**WHAT IS NEEDED**. Please write out every record below exactly as it stands.

(GIVEN ENTRIES Opens)

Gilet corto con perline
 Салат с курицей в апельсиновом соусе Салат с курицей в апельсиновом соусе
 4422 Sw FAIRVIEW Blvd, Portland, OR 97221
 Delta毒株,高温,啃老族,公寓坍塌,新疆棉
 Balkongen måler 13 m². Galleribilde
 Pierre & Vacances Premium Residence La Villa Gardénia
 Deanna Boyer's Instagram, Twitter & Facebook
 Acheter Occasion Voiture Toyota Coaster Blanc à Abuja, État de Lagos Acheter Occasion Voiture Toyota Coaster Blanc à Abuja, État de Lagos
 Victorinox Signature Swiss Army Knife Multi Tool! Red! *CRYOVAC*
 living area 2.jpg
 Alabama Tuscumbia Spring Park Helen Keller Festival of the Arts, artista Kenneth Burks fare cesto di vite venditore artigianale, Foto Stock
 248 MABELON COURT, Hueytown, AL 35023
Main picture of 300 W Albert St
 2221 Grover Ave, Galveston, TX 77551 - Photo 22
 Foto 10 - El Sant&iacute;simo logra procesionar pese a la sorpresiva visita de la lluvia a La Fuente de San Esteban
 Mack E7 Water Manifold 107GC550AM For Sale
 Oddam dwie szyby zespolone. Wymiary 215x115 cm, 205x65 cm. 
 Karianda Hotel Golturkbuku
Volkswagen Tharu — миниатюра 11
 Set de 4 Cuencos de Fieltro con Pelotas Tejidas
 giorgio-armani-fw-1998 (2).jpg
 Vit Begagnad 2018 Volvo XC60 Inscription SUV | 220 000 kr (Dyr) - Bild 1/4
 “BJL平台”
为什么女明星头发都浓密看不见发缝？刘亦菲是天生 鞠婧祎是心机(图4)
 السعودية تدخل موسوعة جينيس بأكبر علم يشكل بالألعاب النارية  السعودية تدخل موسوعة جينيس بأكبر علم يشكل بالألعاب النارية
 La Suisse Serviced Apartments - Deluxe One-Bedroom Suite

(GIVEN ENTRIES Closes)

**RESULT OF THIS EXERCISE**.
Gilet corto con perline
 Салат с курицей в апельсиновом соусе Салат с курицей в апельсиновом соусе
 4422 Sw FAIRVIEW Blvd, Portland, OR 97221
 Delta毒株,高温,啃老族,公寓坍塌,新疆棉
 Balkongen måler 13 m². Galleribilde
 Pierre & Vacances Premium Residence La Villa Gardénia
 Deanna Boyer's Instagram, Twitter & Facebook
 Acheter Occasion Voiture Toyota Coaster Blanc à Abuja, État de Lagos Acheter Occasion Voiture Toyota Coaster Blanc à Abuja, État de Lagos
 Victorinox Signature Swiss Army Knife Multi Tool! Red! *CRYOVAC*
 living area 2.jpg
 Alabama Tuscumbia Spring Park Helen Keller Festival of the Arts, artista Kenneth Burks fare cesto di vite venditore artigianale, Foto Stock
 248 MABELON COURT, Hueytown, AL 35023
Main picture of 300 W Albert St
 2221 Grover Ave, Galveston, TX 77551 - Photo 22
 Foto 10 - El Sant&iacute;simo logra procesionar pese a la sorpresiva visita de la lluvia a La Fuente de San Esteban
 Mack E7 Water Manifold 107GC550AM For Sale
 Oddam dwie szyby zespolone. Wymiary 215x115 cm, 205x65 cm. 
 Karianda Hotel Golturkbuku
Volkswagen Tharu — миниатюра 11
 Set de 4 Cuencos de Fieltro con Pelotas Tejidas
 giorgio-armani-fw-1998 (2).jpg
 Vit Begagnad 2018 Volvo XC60 Inscription SUV | 220 000 kr (Dyr) - Bild 1/4
 “BJL平台”
为什么女明星头发都浓密看不见发缝？刘亦菲是天生 鞠婧祎是心机(图4)
 السعودية تدخل موسوعة جينيس بأكبر علم يشكل بالألعاب النارية  السعودية تدخل موسوعة جينيس بأكبر علم يشكل بالألعاب النارية
 La Suisse Serviced Apartments - Deluxe One-Bedroom Suite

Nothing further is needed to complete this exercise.